# Quoting posts no longer includes [img] tags



## Null (Nov 14, 2013)

I've made a small change to the forum's code to modify how quoting posts is done.

Any instances of  tags will be removed. This is to prevent people from quoting large images, many images, or many large images in a single post.

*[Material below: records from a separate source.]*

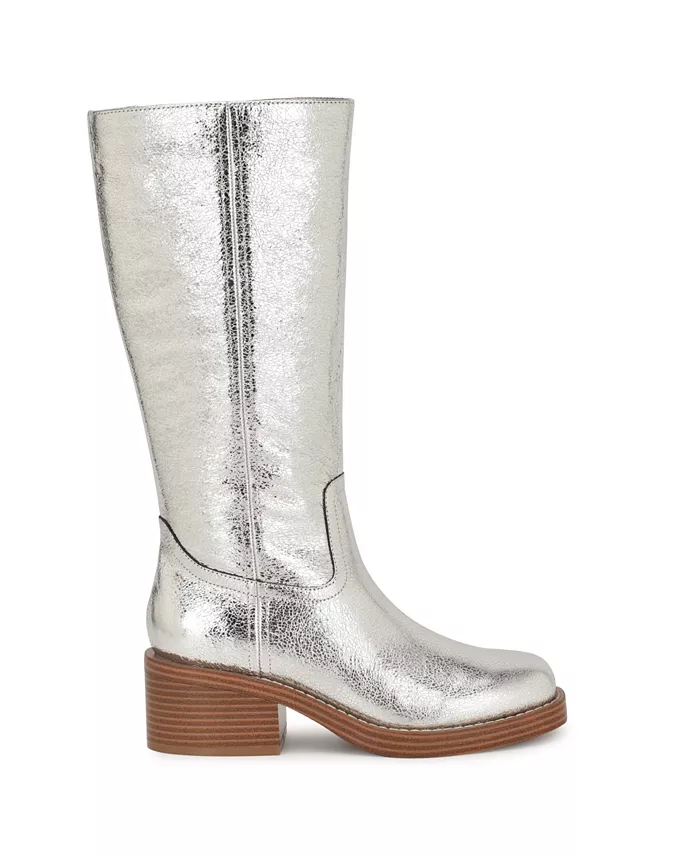 Женские ботинки Broklyn на высоком каблуке из кожи Nine West, серебро — фото 2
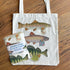 Fish say no to plastic! Handprinted, Illustrated Natural tote bag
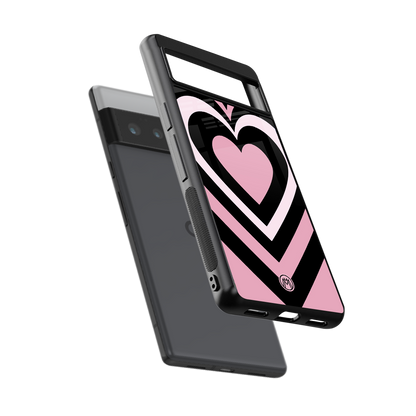 y2k retro pink hearts back phone cover | glass case for google pixel 6 pro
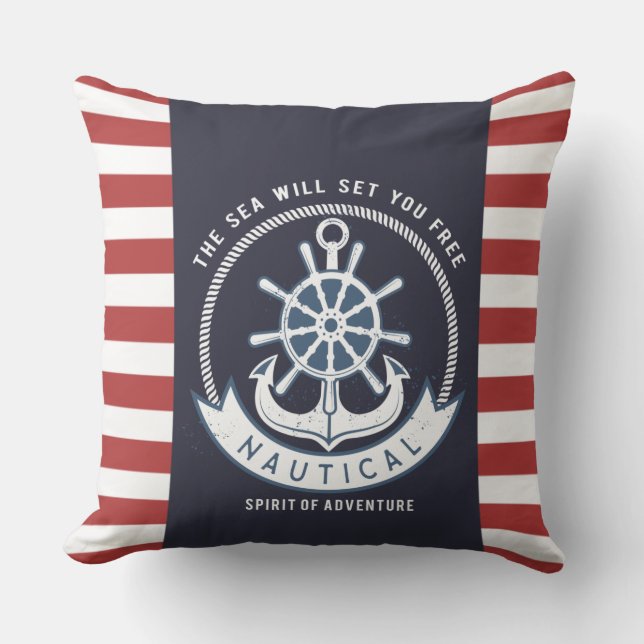 Nautical Anchor,Wheel, Navy Blue,Red Stripes Cushion (Front)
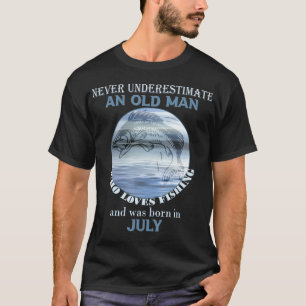 Mens Never Underestimate an Old Man Loves Fishing T-Shirt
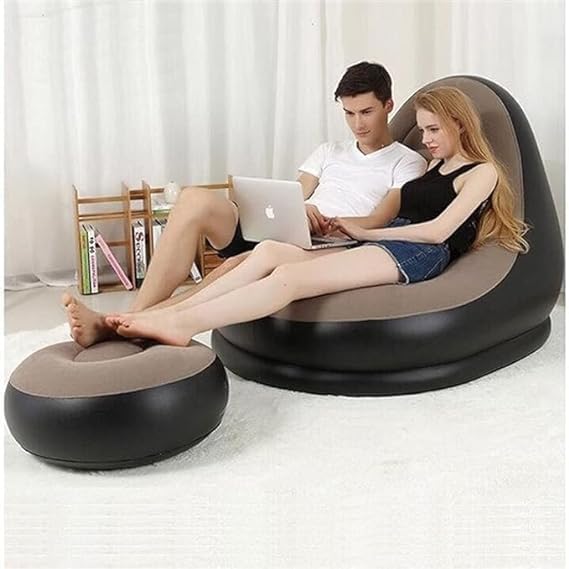 Inflatable Sofa Seat With Foot Stool And Manual Pump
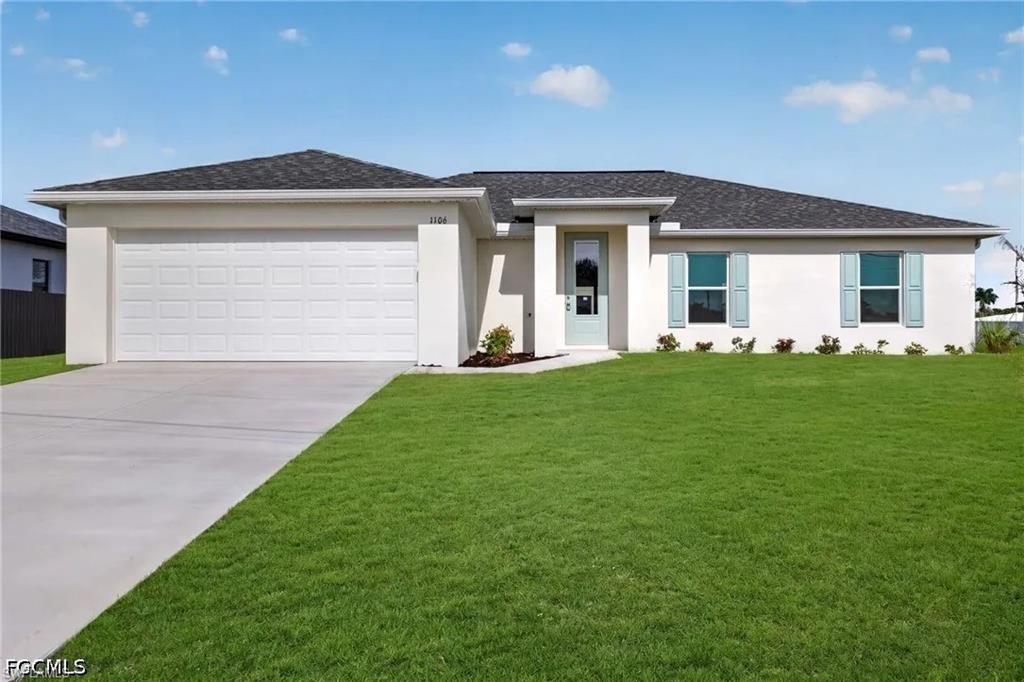 Be the first to live in this stunning brand-new corner home located in the growing NW Cape Coral area! This beautiful residence offers 4 bedrooms, 3 full bathrooms, and 1,818 square feet of thoughtfully designed living space with a bright, open-concept floor plan perfect for modern living.
Enjoy a stylish kitchen featuring quartz countertops, stainless steel appliances, and ample cabinet space, seamlessly flowing into the spacious living and dining areas. The split-bedroom layout provides added privacy, while tile flooring throughout means no carpet for easy maintenance.
A brand-new privacy fence will be installed, providing a fully fenced backyard perfect for relaxing, entertaining, or enjoying outdoor activities with added privacy.
Additional features include impact-resistant windows and doors, a spacious 2-car garage, and a desirable corner lot. Conveniently located near shopping, dining, schools, parks, and with easy access to major roads, this home offers both comfort and convenience.
Available for immediate occupancy. 
Schedule your private showing today!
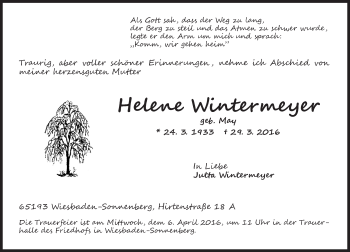 Traueranzeige von Helene Wintermeyer von  Wiesbaden komplett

And also to stop people from quoting people quoting these images and so on and so forth until literally 80% of the page's scrolling height is due to duplications.

Try it out:
[img]http://i.imgur.com/2VKvNR0.gif

Youtube videos now also turn to links in quotes.
[youtube]8CPlF-IEkXQ[/youtube]


----------



## Null (Nov 14, 2013)

Null said:
			
		

> I've made a small change to the forum's code to modify how quoting posts is done.
> 
> Any instances of  tags will be removed. This is to prevent people from quoting large images, many images, or many large images in a single post. And also to stop people from quoting people quoting these images and so on and so forth until literally 80% of the page's scrolling height is due to duplications.
> 
> ...


 yes i agree great change


----------



## Male (Nov 14, 2013)

yes i agree great change


----------



## CatParty (Nov 14, 2013)

Male said:
			
		

> yes i agree great change




 yes i agree great change


----------



## Dark Mirror Hole (Nov 14, 2013)

Can you also remove YouTube embeds from quotes? They lag the shit out of the page when loading.


----------



## Null (Nov 14, 2013)

Dark Mirror Hole said:
			
		

> Can you also remove YouTube embeds from quotes? They lag the shit out of the page when loading.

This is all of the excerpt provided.